No matter where did you get this scamware from, it’s essential to keep in mind that you must remove Antivirus Action as soon as possible. This program is a typical rogue anti-spyware, so rely only on legitimate anti-spyware and get rid of Antivirus Action.
UPDATE: Detailed instructions on removing Antivirus Action rogue.
1. Reboot, keep tapping F8. Choose Safe mode with networking from menu.
2. if your internet connection is affected, disable proxy server on your PC. choose Tools menu and select Internet Options, Connections, Lan Settings and uncheck the box
3. Download and scan your PC with spyhunter. If you can not execute it, download this version: http://downloads.2-viruses.com/IEXPLORE.exe . Do not forget to run updates BEFORE scan.
4. Delete the files Spyware Doctor finds or programs listed bellow. If you want, you can use full version of Spyware Doctor for that or try other tools : MBAM, hitman pro.
5. Fix the registry keys affected by Antivirus Action
6. Fix permissions of HOSTS File by executing these commands:
cacls “%WinDir%\system32\drivers\etc\hosts” /G everyone:f
attrib -s -h -r “%WinDir%\system32\drivers\etc\hosts”
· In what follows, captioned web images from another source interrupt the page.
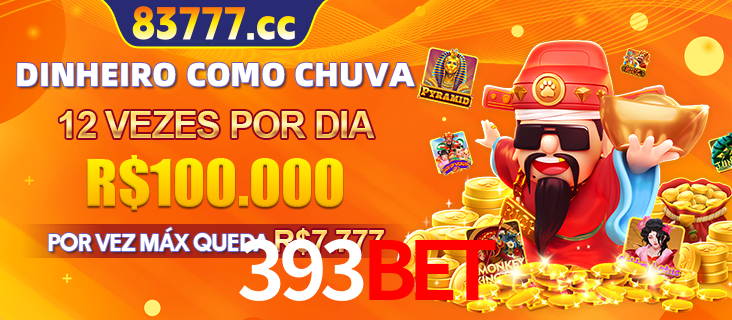 Banner do programa de recompensas Recomende para amigos do 393bet, detalhando os bônus por convidar amigos, com prêmios que chegam a R$288.888.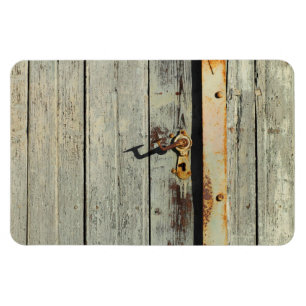 Weathered Rusty Door Handle Magnet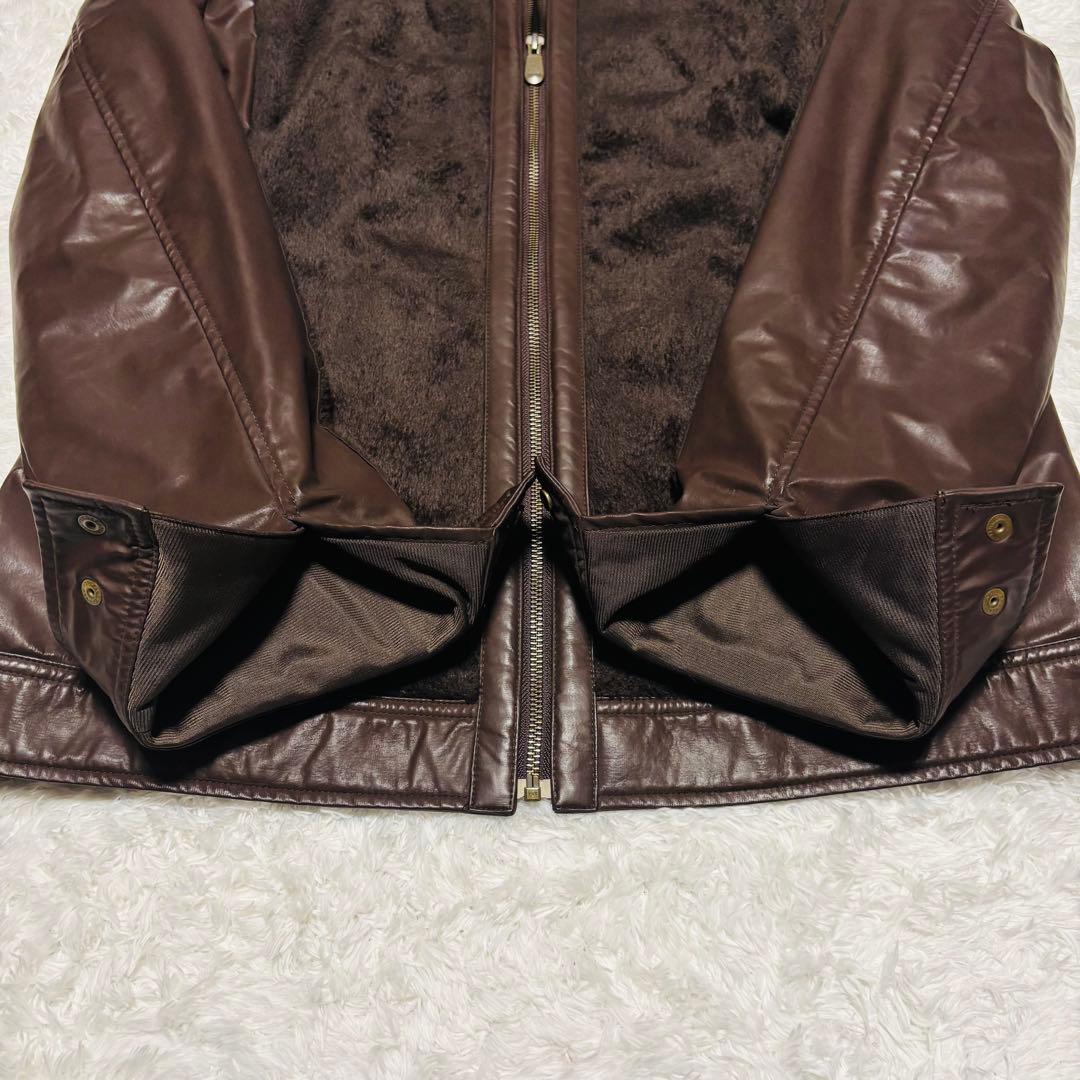 希少 00s y2k アディダス トラックジャケット 異素材 切替 ブラウン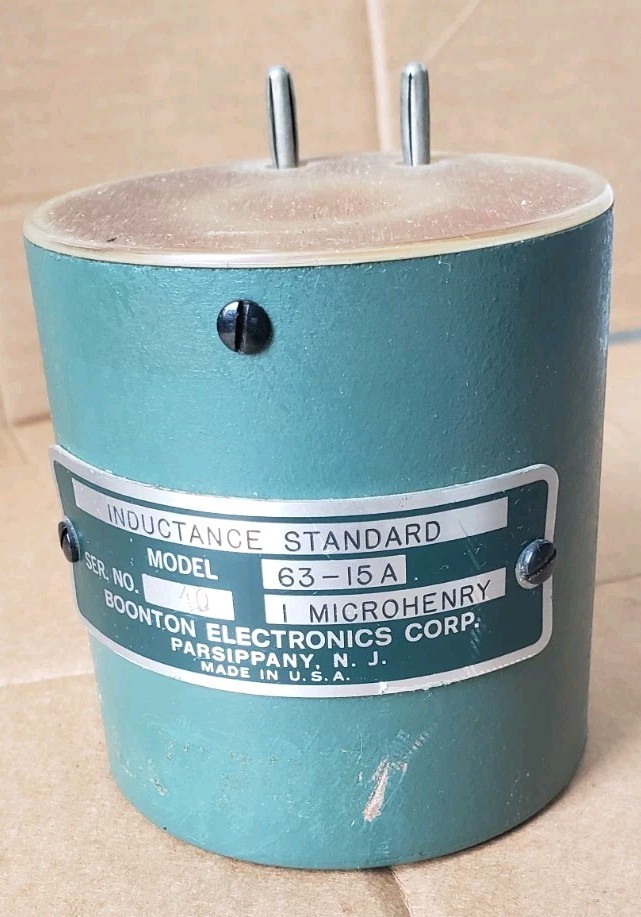 BOONTON ELECTRONICS 63-15A INDUCTANCE STANDARD, 1 uH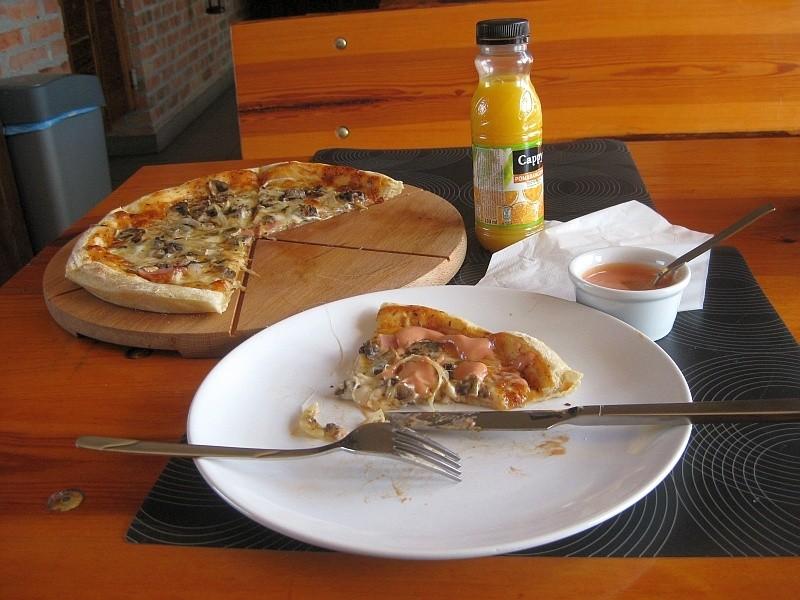 a na koniec pyszna Capriciosa - mmmmmm :-P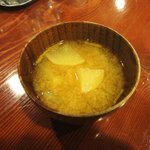 小古食堂 - ゆず入り味噌汁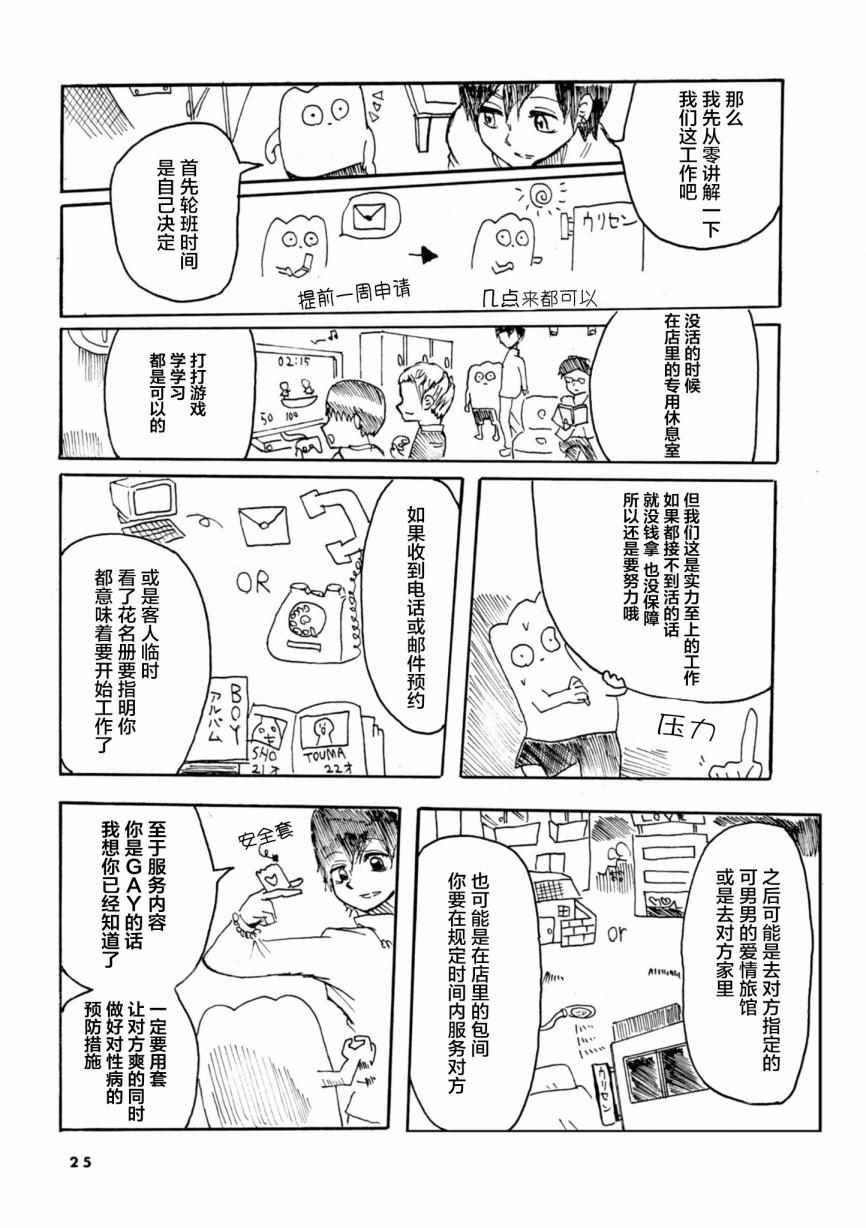 从事GAY风俗业的mochigi 性取向就是人生漫画,第3话2图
7. Empty ALL lines from %WinDir%\system32\drivers\etc\hosts file except referencing domain localhost
8. Reboot, rescan with your antivirus software, upgrade it to internet security version. It its highly advisable to have an anti-malware program with real time protection like spyhunter or commercial Malwarebytes to prevent such infections in the further.
if something goes wrong with Antivirus Action removal procedure
a) If you can not download programs, use other PC and move them using USB drive.
b) If you can’t execute programs in safe mode, try stopping Antivirus Action processes using task manager (ctrl+shift+esc). Look for random process names. Also you might try system restore and proceed with steps 6-8 of the guide above. You have to rescan your PC to avoid hidden parasites.
c) Internet does not work after removal or behaves strangely: repeat step 2 in normal mode. Also check this guide: http://www.2-viruses.com/how-to-fix-google-results-hijacker-google-redirect-virus-problem
d) If you can’t do anything in safe mode or any other mode (including safe mode with command prompt), you might want to run alternate OS scanners from any of major Internet security manufacturers. Repairing windows install might be an option as well.
e) If you can access uninfected windows account on Windows 7 (possibly Vista ) machine, it is recommended to do full scan from there.